*Your objective*. Transcribe exactly the entries from the "FIAT TORO 1.8 16V EVO FLEX ENDURANCE AT6" line to the end, both included, minus pictures.

*Dataset extract*.
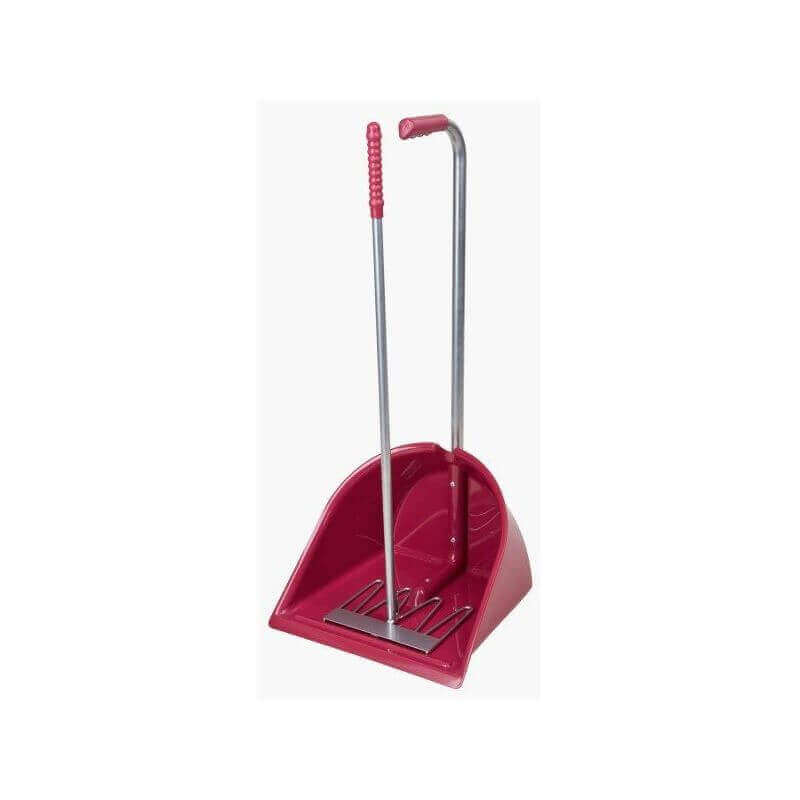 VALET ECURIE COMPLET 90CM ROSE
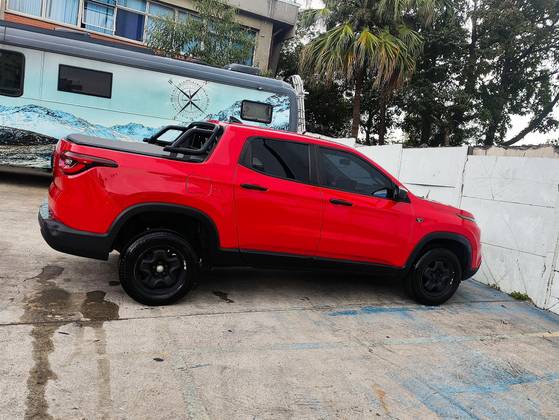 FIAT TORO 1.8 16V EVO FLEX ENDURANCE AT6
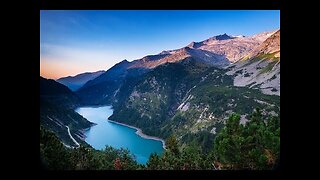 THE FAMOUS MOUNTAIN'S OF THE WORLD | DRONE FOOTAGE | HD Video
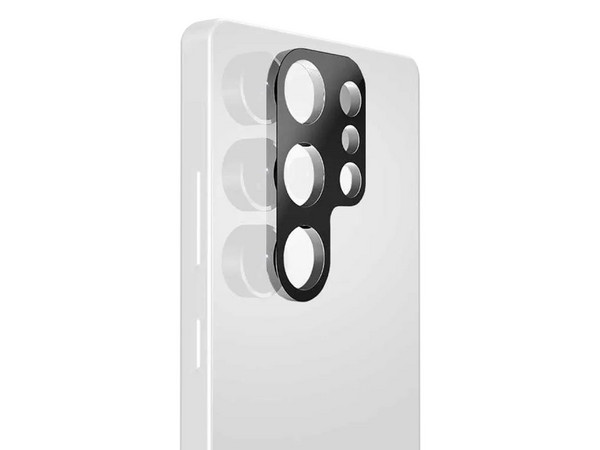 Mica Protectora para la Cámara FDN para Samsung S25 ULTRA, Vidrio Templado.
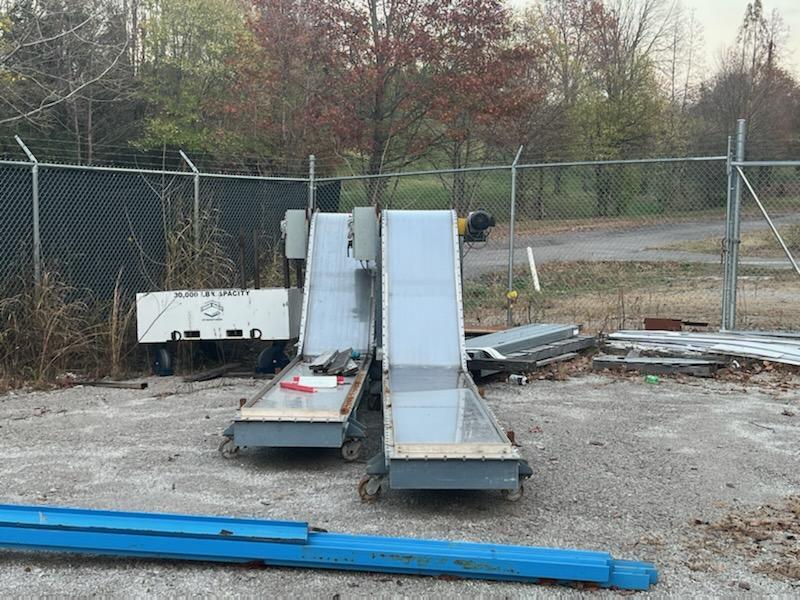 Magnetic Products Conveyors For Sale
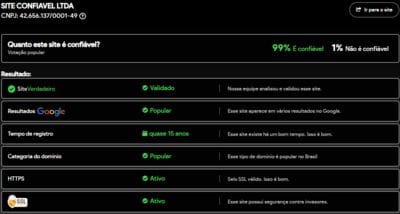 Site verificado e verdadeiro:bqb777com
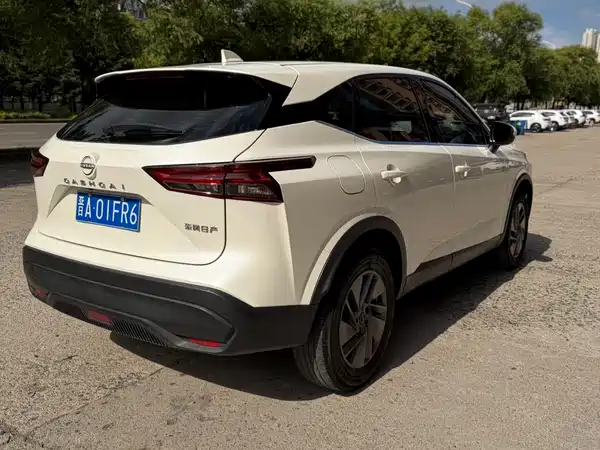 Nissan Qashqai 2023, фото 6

*Response to this task*.
 FIAT TORO 1.8 16V EVO FLEX ENDURANCE AT6
 THE FAMOUS MOUNTAIN'S OF THE WORLD | DRONE FOOTAGE | HD Video
 Mica Protectora para la Cámara FDN para Samsung S25 ULTRA, Vidrio Templado.
 Magnetic Products Conveyors For Sale
 Site verificado e verdadeiro:bqb777com
 Nissan Qashqai 2023, фото 6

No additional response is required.